The idea for Macrina Bakery & Cafe existed long before we opened our doors. The seed was planted while Leslie Mackie was in cooking school and continued to take root throughout her early restaurant career and during her travels.
In the search for a name for this new bakery, I wanted something not connected to any country or culture, yet reflecting my philosophy.
First liking the sound of the name Macrina, the 4th century Greek mystic and visionary, I later discovered through research, that Macrina started one of the first communities that held property in common and emphasized a simple, self-sufficient life. Caring as much as I do about the connection between bread and the communion of sharing that happens at meals, there is a natural bond with the philosophy of Macrina’s community.
Much has been written about the mystique of bread and how a simple and elementary food has such magnetism— the soul and passion of the baker transcends into the loaf that is shared with the community.

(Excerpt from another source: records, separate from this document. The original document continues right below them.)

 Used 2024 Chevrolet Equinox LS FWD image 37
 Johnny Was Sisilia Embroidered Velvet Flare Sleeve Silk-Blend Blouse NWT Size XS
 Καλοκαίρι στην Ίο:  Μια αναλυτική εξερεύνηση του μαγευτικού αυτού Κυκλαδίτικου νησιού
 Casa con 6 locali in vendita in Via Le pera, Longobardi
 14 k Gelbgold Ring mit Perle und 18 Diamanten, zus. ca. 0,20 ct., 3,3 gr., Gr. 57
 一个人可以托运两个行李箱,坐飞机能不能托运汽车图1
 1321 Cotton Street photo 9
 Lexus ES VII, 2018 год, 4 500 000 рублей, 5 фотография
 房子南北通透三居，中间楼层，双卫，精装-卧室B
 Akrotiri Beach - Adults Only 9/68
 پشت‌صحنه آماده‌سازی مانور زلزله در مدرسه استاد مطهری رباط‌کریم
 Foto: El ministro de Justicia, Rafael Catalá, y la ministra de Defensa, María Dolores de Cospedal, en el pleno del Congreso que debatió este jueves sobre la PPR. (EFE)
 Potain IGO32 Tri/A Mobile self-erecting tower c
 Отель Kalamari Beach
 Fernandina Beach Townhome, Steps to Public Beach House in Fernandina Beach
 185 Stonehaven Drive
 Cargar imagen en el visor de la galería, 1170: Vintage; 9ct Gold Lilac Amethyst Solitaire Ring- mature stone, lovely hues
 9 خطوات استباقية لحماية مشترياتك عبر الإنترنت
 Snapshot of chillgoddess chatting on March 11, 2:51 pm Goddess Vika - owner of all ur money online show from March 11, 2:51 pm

Based on the model of the traditional old-world village bakery; the bread has unique characteristics because of the use of available regional ingredients. The rustic European breads and baked goods from Macrina use as many indigenous products as possible as well as organic grains and natural ingredients.
The philosophy of the bakery is to enhance both the natural products and the flavor of the various grains. The baked goods are created from Northwest apples, potatoes, cranberries and hazelnuts, as well as wheat, rye, barley and buckwheat flour. Macrina Casera, the house bread, was developed to be eaten at any meal, complementing all foods.
The bakers at Macrina love bread and that shows in the quality. This is bread that celebrates the tradition of breaking bread with family and friends.